THE POLITICIANS and experts who orchestrated the Great Farm Debate of 1985, with its emphasis on regaining lost foreign markets for American farmers overlooked a stunning fact: the world is producing more food than ever before believed possible.

Many of the countries that only a decade ago were thought incapable of feeding themselves are doing just that today. The entire world of agriculture is standing on the edge of an unprecedented production explosion.

Consider these "hopeless cases":

The People's Republic of China, with its billion mouths to feed, is expanding its agriculture at historic levels. Food output is up an unprecedented 40 percent in the last five years. Once the importer of 4 million bales of cotton a year, China now exports 1 million bales. Even with bad weather, the Chinese may export 5 million tons of corn this year -- roughly the production of Iowa.

Bangladesh, the plight of whose hungry inspired, in 1971, the first rock-music relief concert, is now self-sufficient in food grains. Agricultural production gains have nearly doubled the world's rate for the last 15 years.

India, once thought of as the world's worst basket case, has doubled its wheat production since 1970 and now is trying to sell its surpluses abroad. Its rice production is also up more than 30 percent.

These and dozens of other examples are good news for the malnourished of the world. But for the overextended American farmer -- who relies on world markets to consume about 40 percent of his output -- it can mean only more depression and ominous uncertainty. The five-year farm bill signed by President Reagan last Monday offers little to conclude otherwise.

"This legislation will help put America's farmers back in a competitive position in world markets," Reagan said, echoing the conventional wisdom that guided Congress through its year-long debate over farm policy.

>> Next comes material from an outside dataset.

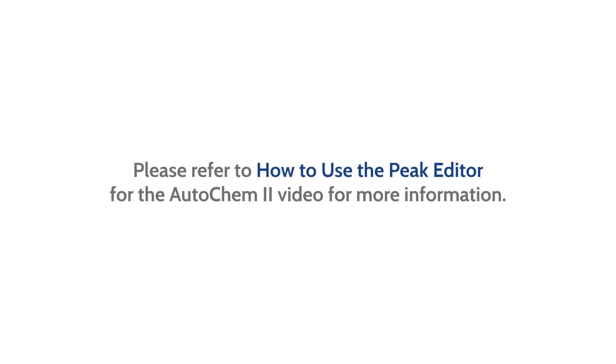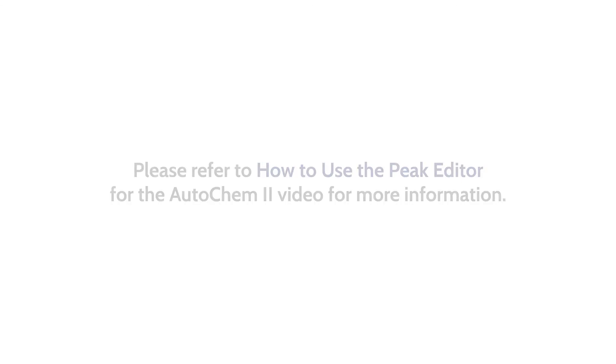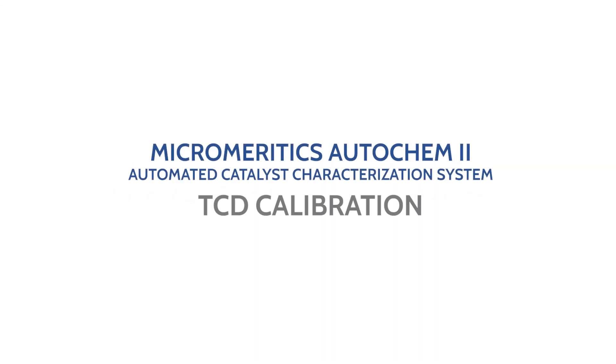To learn more about how to integrate peaks, please refer to our How to Use the Peak Editor for the AutoChem 2 video. And that completes the demonstration on how to run a TCD calibration on the Micromeritics AutoChem 2 Automated Catalyst Characterization System. For more information, visit micromeritics.com/learn.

Appealing as that conventional wisdom may be, it ignores the potent new reality that the globe is no longer divided into a handful of rich providers and a hundred Ethiopias. The modernization policies pushed for so long by First World banks and governments have miraculously begun to work -- the Third World is becoming self- sufficient. Ironically, just as such an unparalleled success looms, the new U.S. "market-oriented" farm policy seems headed in a contradictory direction -- driving commodity prices down so low that buyer nations will be lured back to dependency on our farmers, rather than their own.

Washington's new-think holds that artificially high U.S. farm prices, propped up by government supports, spur competing nations to increase their farm output and eventually displace American products. Drive U.S. prices down, this theory goes, and competitors will have to give up their farm-export subsidies, buyers will flock to the "preferred" American goods and U.S. farmers again will prosper.

Fair enough for starters, even though an ongoing global recession, debt problems in the Third World and the strong dollar also are major causes behind the U.S. farm export slump. From a historic peak of $43.8 billion and 162 million tons in 1981, our overseas farm sales are projected to drop to $29 billion and 120.5 million tons this year.

The remedy sought by Reagan and adopted by Congress may or may not reverse that dismal picture -- even though politicians of both parties and most of the nation's major farm leaders hold it out as the answer for returning U.S. farmers to market dominance.

The problem is that it is almost as though the United States, with its new approach to farm policy, is in the process of arranging a picnic that fewer and fewer nations may want to attend as their own food needs increasingly are satisfied at home.

In fact, the current economic malaise of the U.S. agricultural machine is due in part to the misinformed predictions of the "experts" of the 1970s that American farmers would forever be required to feed a hapless world.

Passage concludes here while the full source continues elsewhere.